Department of Biomedical Informatics, Columbia University, New York, New York, USA.
Department of Computing and Mathematical Sciences, University California Institute of Technology, Pasadena, California, USA.
J Am Med Inform Assoc. 2018 Oct 1;25(10):1392-1401. doi: 10.1093/jamia/ocy106.

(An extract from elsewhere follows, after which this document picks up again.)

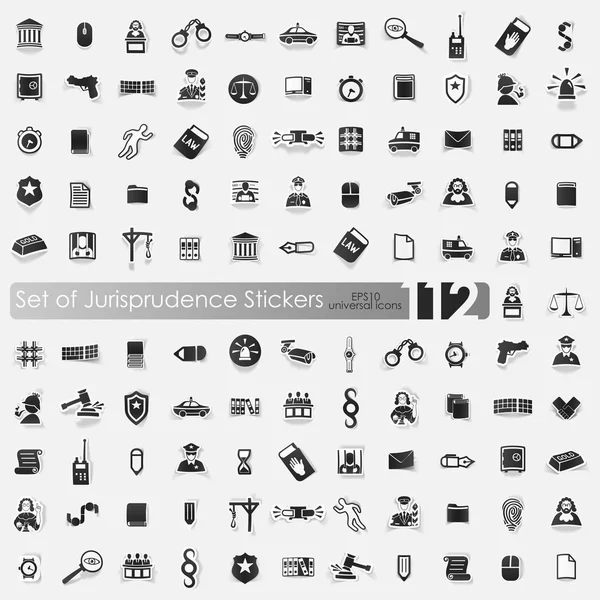 Set of jurisprudence stickers — Stock Vector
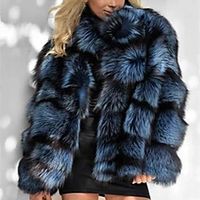 Women's Faux Fur Coat Daily Fall  Winter Regular Coat Regular Fit Active Jacket Long Sleeve Solid Colored Blue miniinthebox - thumbnail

We introduce data assimilation as a computational method that uses machine learning to combine data with human knowledge in the form of mechanistic models in order to forecast future states, to impute missing data from the past by smoothing, and to infer measurable and unmeasurable quantities that represent clinically and scientifically important phenotypes. We demonstrate the advantages it affords in the context of type 2 diabetes by showing how data assimilation can be used to forecast future glucose values, to impute previously missing glucose values, and to infer type 2 diabetes phenotypes. At the heart of data assimilation is the mechanistic model, here an endocrine model. Such models can vary in complexity, contain testable hypotheses about important mechanics that govern the system (eg, nutrition's effect on glucose), and, as such, constrain the model space, allowing for accurate estimation using very little data.
我们介绍了数据同化,这是一种计算方法,它使用机器学习将数据与以机理模型形式呈现的人类知识相结合,以便预测未来状态,通过平滑来推断过去缺失的数据,并推断代表临床和科学上重要表型的可测量和不可测量的量。我们通过展示数据同化如何用于预测未来的葡萄糖值、推断以前缺失的葡萄糖值以及推断 2 型糖尿病表型,在 2 型糖尿病的背景下展示了它的优势。数据同化的核心是机理模型,这里是一个内分泌模型。这种模型可以在复杂性上有所不同,包含有关控制系统的重要力学的可测试假设(例如,营养对葡萄糖的影响),因此,限制了模型空间,允许使用非常少量的数据进行准确估计。